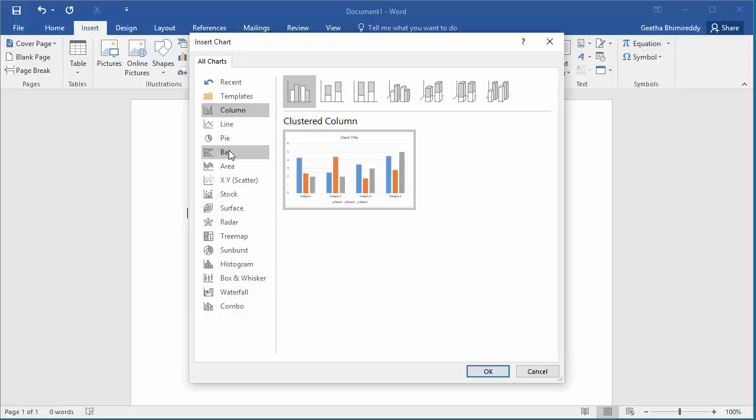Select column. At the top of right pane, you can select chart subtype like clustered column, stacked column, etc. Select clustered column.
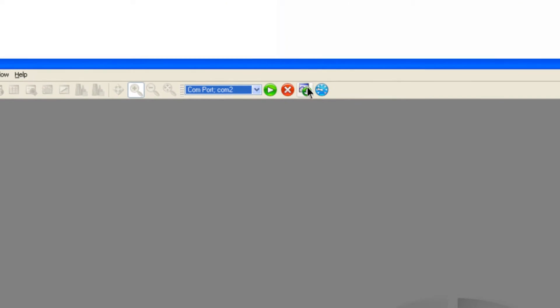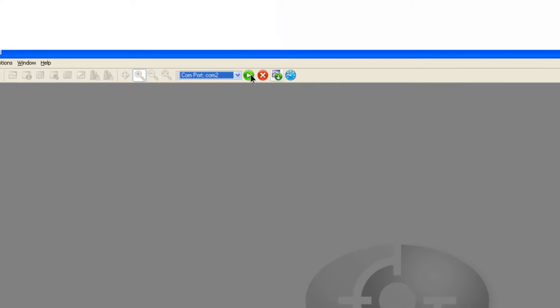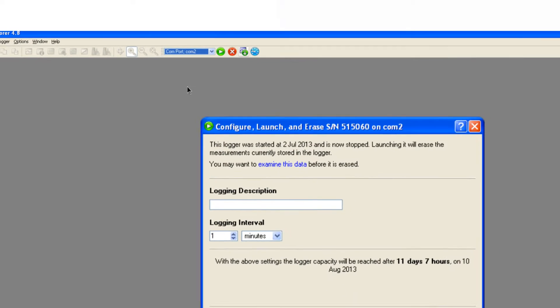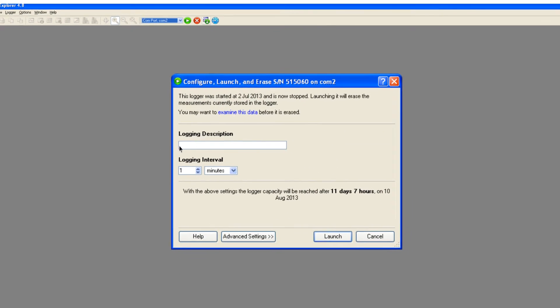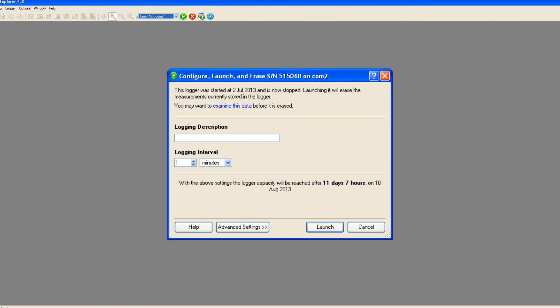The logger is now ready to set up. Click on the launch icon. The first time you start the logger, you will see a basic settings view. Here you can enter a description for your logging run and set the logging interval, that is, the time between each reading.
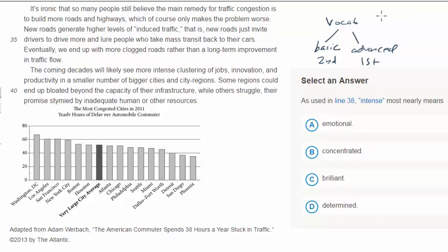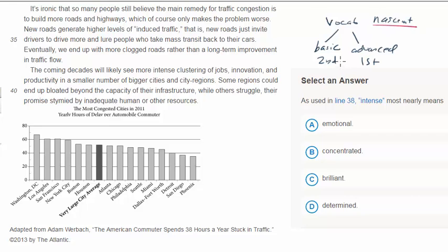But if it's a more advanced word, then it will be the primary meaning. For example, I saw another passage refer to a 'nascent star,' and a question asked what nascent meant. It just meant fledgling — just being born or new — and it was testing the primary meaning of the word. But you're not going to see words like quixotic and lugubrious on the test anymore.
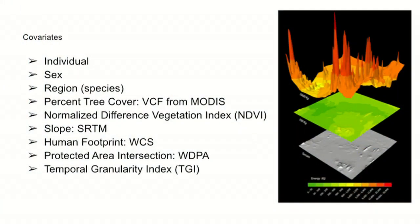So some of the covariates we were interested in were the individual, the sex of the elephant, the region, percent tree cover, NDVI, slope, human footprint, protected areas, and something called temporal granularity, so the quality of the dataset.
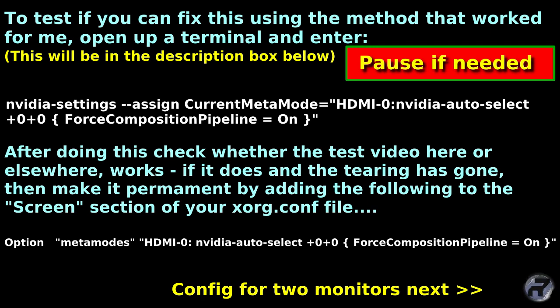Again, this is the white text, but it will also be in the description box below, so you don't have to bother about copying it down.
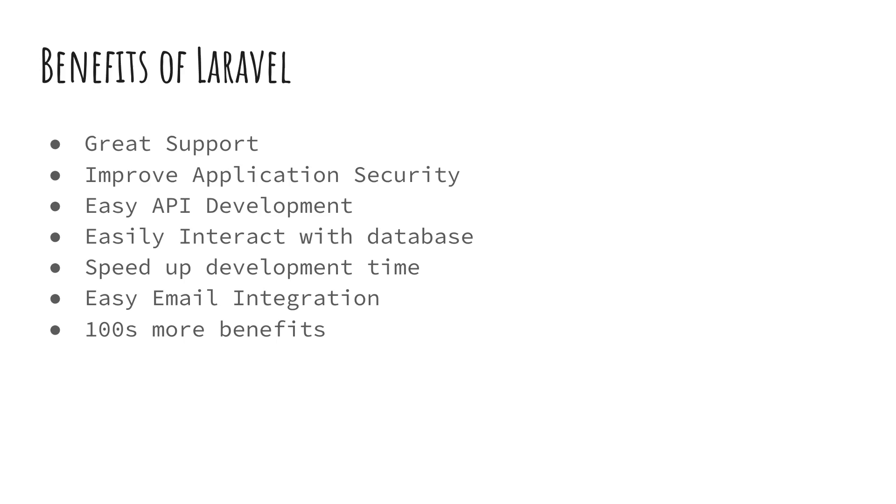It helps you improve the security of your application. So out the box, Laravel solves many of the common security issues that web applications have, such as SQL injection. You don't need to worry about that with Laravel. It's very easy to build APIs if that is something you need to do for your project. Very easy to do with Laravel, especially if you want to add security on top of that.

==============================

* [EXERCISE AIM]: The material above is to be output exactly, with each picture left out.

* [ANSWER SECTION]:
Select column. At the top of right pane, you can select chart subtype like clustered column, stacked column, etc. Select clustered column.
The logger is now ready to set up. Click on the launch icon. The first time you start the logger, you will see a basic settings view. Here you can enter a description for your logging run and set the logging interval, that is, the time between each reading.
But if it's a more advanced word, then it will be the primary meaning. For example, I saw another passage refer to a 'nascent star,' and a question asked what nascent meant. It just meant fledgling — just being born or new — and it was testing the primary meaning of the word. But you're not going to see words like quixotic and lugubrious on the test anymore.
So some of the covariates we were interested in were the individual, the sex of the elephant, the region, percent tree cover, NDVI, slope, human footprint, protected areas, and something called temporal granularity, so the quality of the dataset.
Again, this is the white text, but it will also be in the description box below, so you don't have to bother about copying it down.
It helps you improve the security of your application. So out the box, Laravel solves many of the common security issues that web applications have, such as SQL injection. You don't need to worry about that with Laravel. It's very easy to build APIs if that is something you need to do for your project. Very easy to do with Laravel, especially if you want to add security on top of that.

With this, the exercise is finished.